La resistenza al Senato
Il lato iracheno del viaggio di Bush è stato volto ad accelerare la riconciliazione tra i sunniti e il governo guidato dagli sciiti. Bush e i suoi temono che la cautela di Baghdad possa compromettere il successo militare ottenuto nelle zone sunnite e, quindi, affievolire la fresca volontà delle tribù di partecipare alla costruzione di un nuovo Iraq. Andare ad Anbar, anziché a Baghdad, è stato un segnale di attenzione nei confronti dei sunniti, ma anche di pressione su Maliki. Il viaggio, però, ha anche un aspetto di pura politica interna americana. Ufficialmente, sia la Casa Bianca sia i leader del Partito democratico aspettano le relazioni di Petraeus e Crocker prima di decidere che cosa fare. La sensazione è che Petraeus chiederà a Bush di prolungare il “surge”, ovvero l’attuale livello di truppe, fino alla prossima primavera. Bush ovviamente è d’accordo. Al momento pare difficile che i repubblicani possano perdere pezzi, visto che in Iraq si cominciano a intravedere i primi risultati e i generali chiedono di restare.
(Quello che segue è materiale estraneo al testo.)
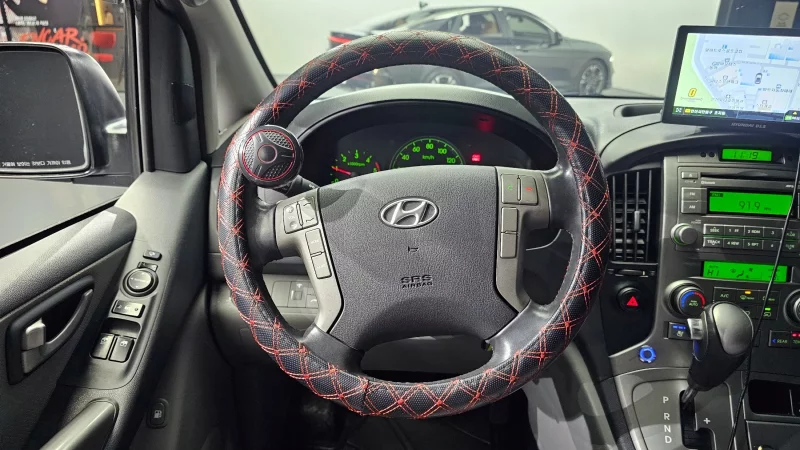Hyundai Grand Starex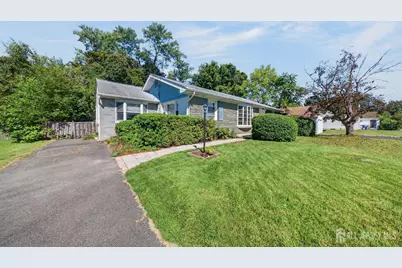 5 Lydecker Place, Middlesex, NJ 08846 - Photo 2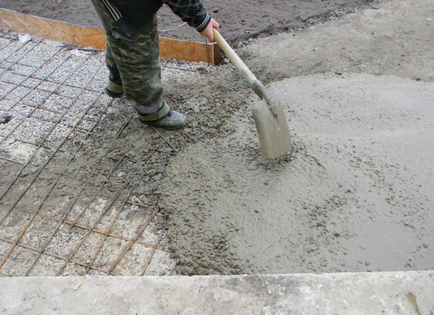 pista de beton în țară cu propriile lor mâini (mâini) pista de beton în țară cu propriile mâini
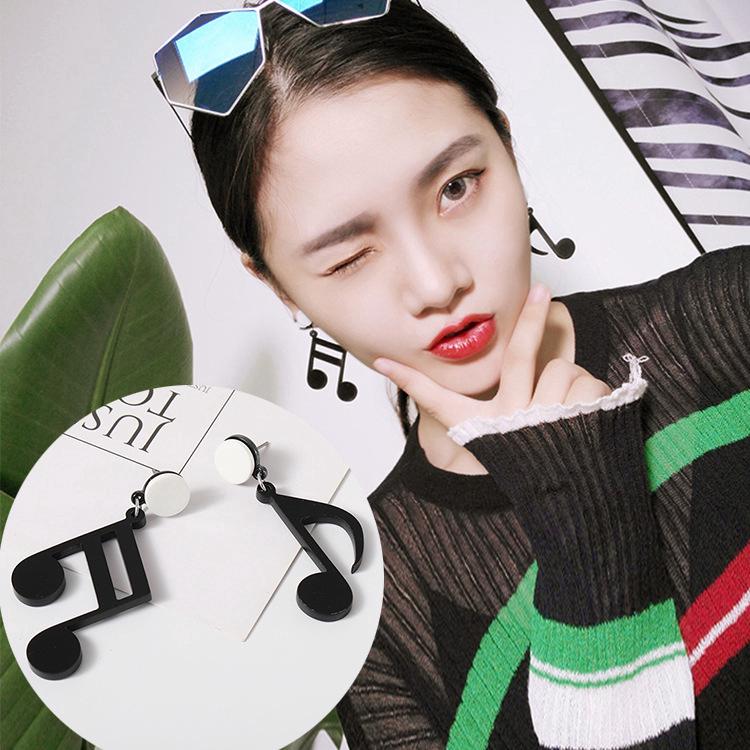 Bông tai hình nốt nhạc trẻ trung năng động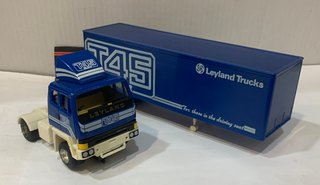 Scalextric Camión trailer Leyland T45 Team Azul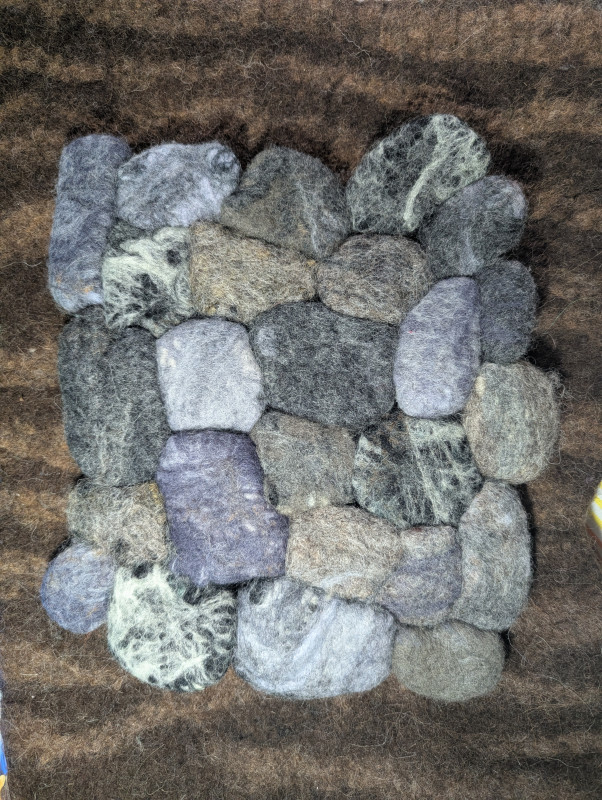 Pebbles Felted wool Hot pad trivet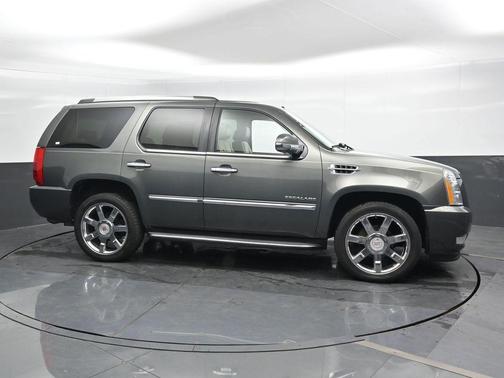 2011 Cadillac Escalade Luxury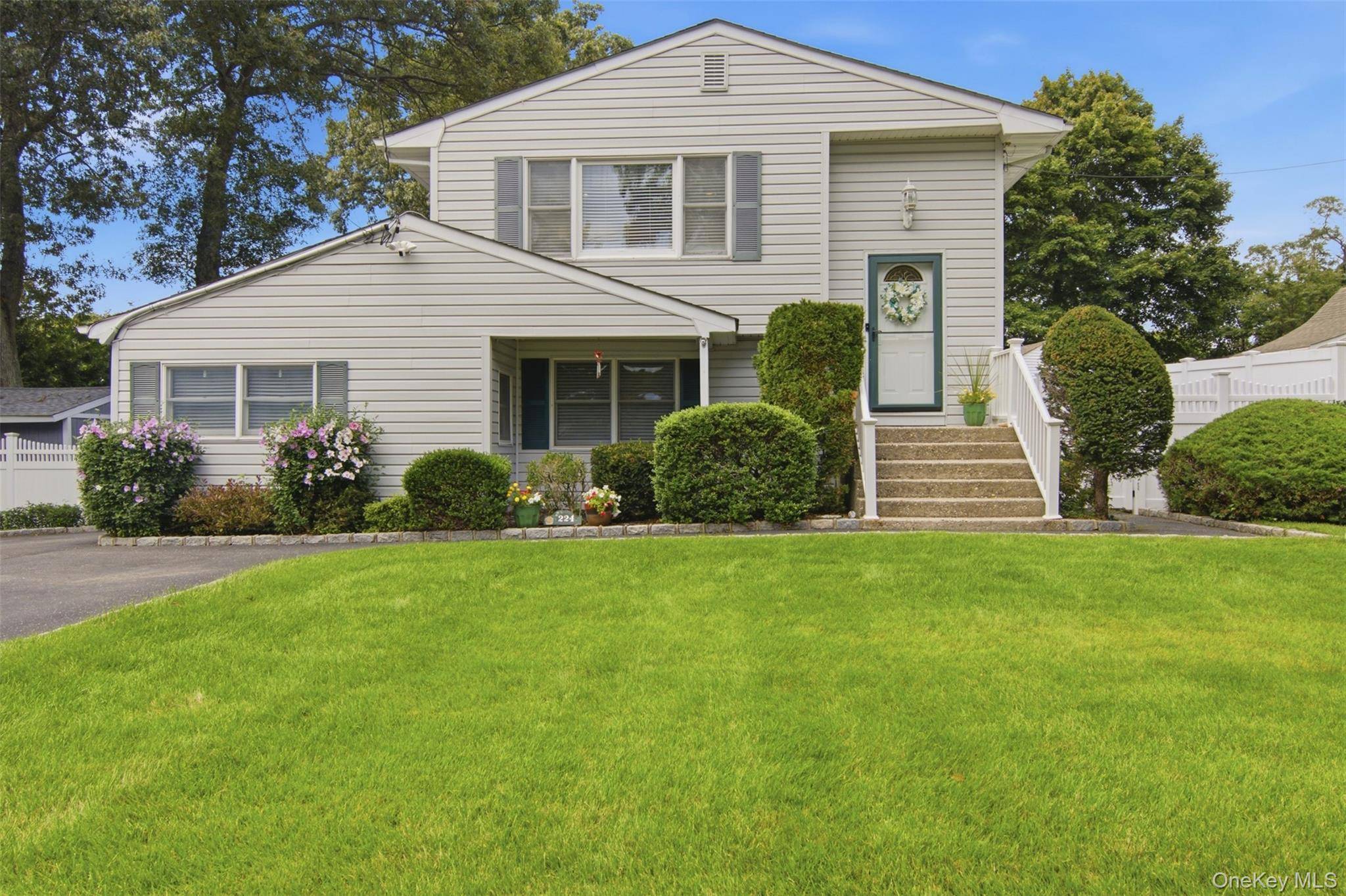 224 Holbrook AVE, Ronkonkoma, NY 11779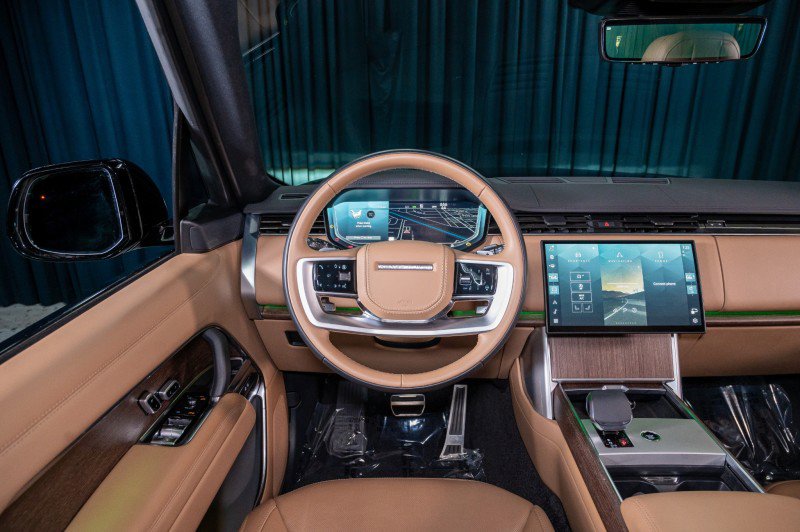 Used 2024 Land Rover Range Rover Long Wheelbase SE image 19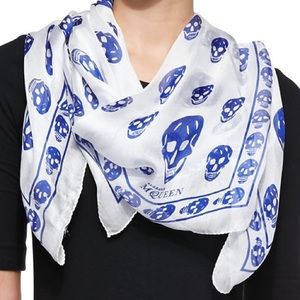 Alexander McQueen Skull print silk-chiffon scarf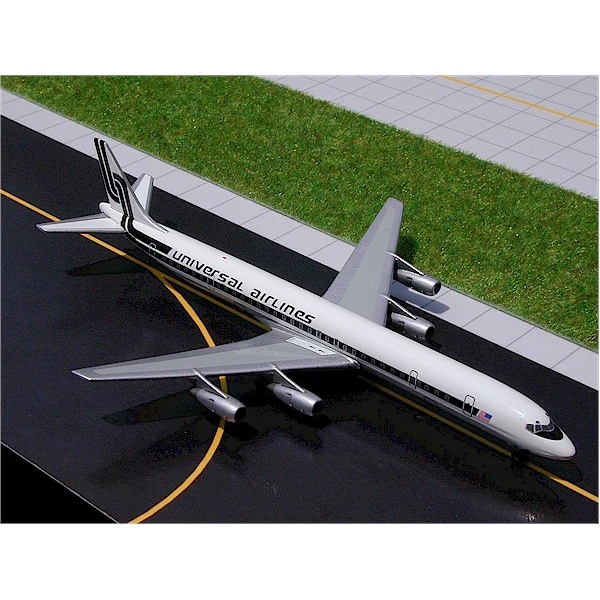 Gemini Jets Universal Airlines DC-8-61 1/400 Scale Diecast Commercial Plane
I candidati repubblicani alla Casa Bianca, peraltro, restano solidi sostenitori della nuova strategia. I democratici si trovano in una situazione di maggiore imbarazzo. Un mese e mezzo fa erano convinti di poter arrivare allo showdown di settembre con un altro fallimento militare di Bush. In quell’occasione rifiutarono le ipotesi di compromesso bipartisan offerte da un paio di senatori repubblicani. Ora, invece, sono disponibili a rivedere la strategia, visto che un consistente gruppo di propri deputati eletti in circoscrizioni conservatrici comincia a rumoreggiare e i sondaggi d’opinione hanno invertito la tendenza (l’ultimo di Zogby dice che il 54 per cento degli americani ora crede che la guerra possa essere vinta). I candidati democratici alla Casa Bianca, con diverse modulazioni, sono ancora favorevoli al ritiro ordinato e graduale, ma la partita si gioca al Senato. I democratici possono contare su 51 senatori, ma per cambiare rotta hanno bisogno di almeno altri nove voti per superare l’ostruzionismo. E, poi, di altri sette per superare il veto di Bush.